A significant issue with an RNP approach is that it is vital that the correct pressure setting is provided to the pilots by ATC. If the wrong pressure is given, the aircraft will be at the wrong altitude at any given point on the final approach.
This is precisely what happened on May 23rd.

 The following is the transcript from the ATC recordings. Note French ATC gives the wrong pressure setting repeatedly.

At 11:32:24, on approach to CDG, the controller instructed the pilots to descend to 6,000ft with an incorrect QNH (1011 instead of 1001 valid at the time5), “Red Nose 4 3 1 1, descend … descend 6,000 ft, 1 0 1 1.”

 At 11:34:28, she instructed the crew to descend to 5,000 ft and repeated the incorrect QNH, “Red Nose 4 3 1 1, descend 5,000 ft, 1 0 1 1, cleared full RNP 2 7 R.”

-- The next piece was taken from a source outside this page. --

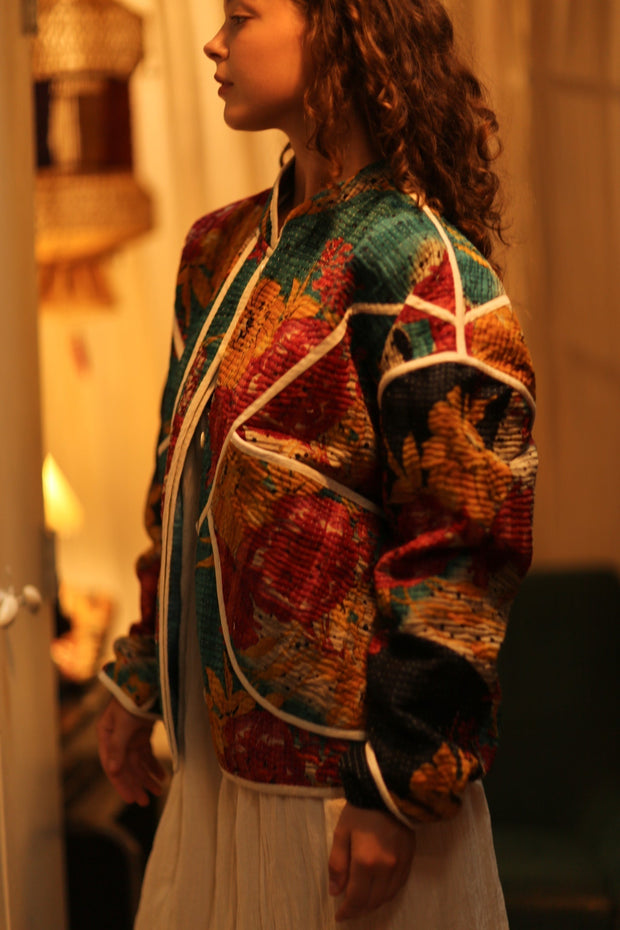 KANTHA JACKET LEYLO - sustainably made MOMO NEW YORK sustainable clothing, coatandjacket slow fashion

 At 11:35:37, the same controller instructed an easyJet flight crew to descend to 5,000 ft with the same incorrect QNH, “Easy 7 5 Mike Alpha direct Papa Golf 6 5 0 … and descend 5,000 ft 1 0 1 1,

So, why is there an issue with being given the wrong pressure setting?

The QNH (air pressure) given to the flight crew differed by 10 hPa from the correct QNH. This led to an approach that, as the above image shows, was around 280 ft below the correct and safe descent profile. Therefore, when the crew transferred to the tower frequency, as per standard procedure, the controller gave the landing clearance without giving them the QNH value.

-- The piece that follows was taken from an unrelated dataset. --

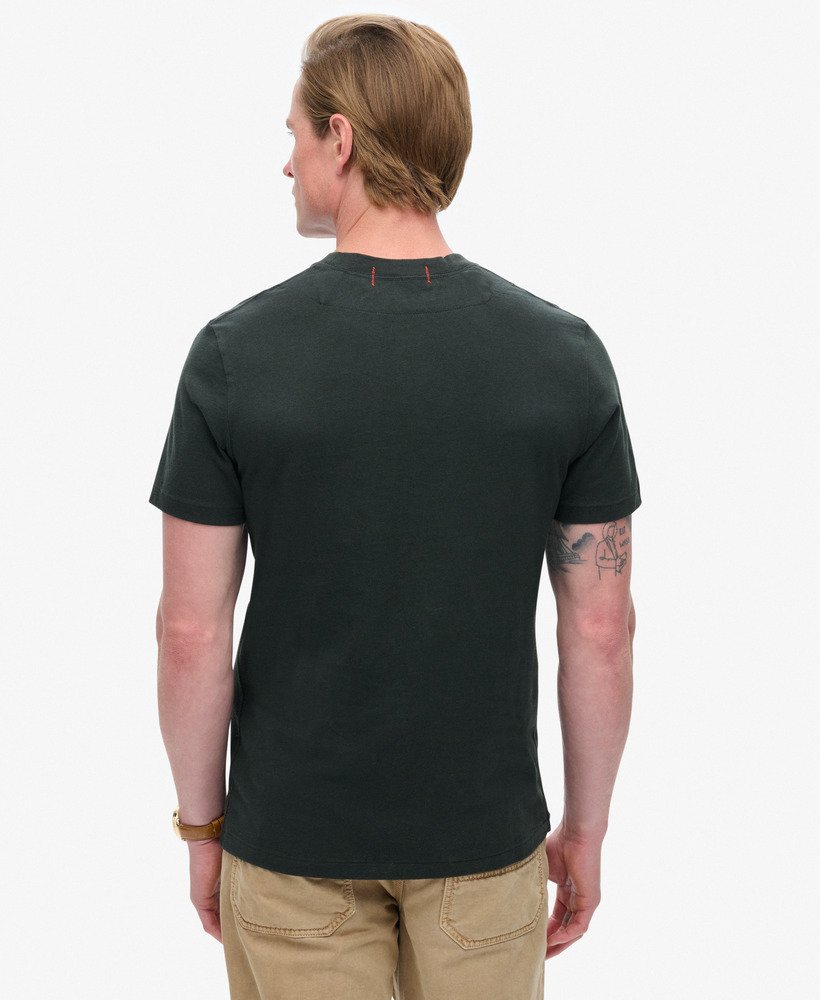 SUPERDRY Surplus Graphic Washed Black T-shirt Washed Surplus Black back view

The failure of the French ATC to provide the correct pressure setting began a series of events that resulted in the  airbus descending to 6ft above the ground, nearly a mile before the runway threshold.

As the often quoted ‘swiss cheese’ model confirms, there were numerous failures that all ‘lined up’. However, dispite these failures being highlighted in the French report, the inital, ‘big hole’ of two languages  being used at a major airport was not addressed.

So how did ATC’s use of French at CDG significantly impact yet another near-disaster?


Moments after giving the aircraft the wrong pressure setting, the French controller, in French, gave the correct pressure to an Air France aircraft.

At 11:36:04, the ATC instructed an Air France flight crew, in French, to descend to 5,000 ft, with the correct QNH 1001. The Air France crew read back with the correct QNH 1001.

Now, consider the following.  If that transmission by ATC had been given in English and the Air France had replied in English, would that not have given the Airbus  crew an opportunity to realise the controller had, but for 6ft, made a fatal mistake? 

Given the seriouness of the near tragedy, it would be reasonable for the recently published investigation into the incident by the French accident investigation organisation BEA to highlight this simple yet highly effective measure to allow pilots a crucial opportunity to realise if a mistake has been made by ATC.? 

Given my experience on the issue since 1998 I was not surprised that the report makes zero reference to the fact that two languages continue to be used at CDG. 


In January this year, I wrote an article in response to ICAO (International Civil Aviation Authority) publishing the following statement;

“For pilots and air traffic controllers to communicate clearly and efficiently around the world, a universal aviation language had to be established.”

Those who have read ‘Pulling Wings From Butterflies,’ will already be aware of two incidents at Paris Charles de Gaulle airport in which I was involved. The events in 1998 resulted in my prophetic warning to the regulators relating to the insistence of French ATC using French when speaking to French registered aircraft. I stated, “a major incident is waiting to happen if the French ATC continue to be constrained by Ministerial Order No 7. “In the book, I refer to the situation as follows;

“The whole situation is a little like knowing that there is a bomb that has been placed at CDGl Airport. Not only do we know that there is a bomb, but we know exactly where the bomb has been placed. The only things we don’t know is, how big the bomb is, and when it will go off. That, however, is immaterial because if you move or defuse the bomb before it explodes, it will not kill anyone. The French and the European air traffic agencies don’t want to move or defuse this particular bomb. The bomb is still ticking at CDG airport.”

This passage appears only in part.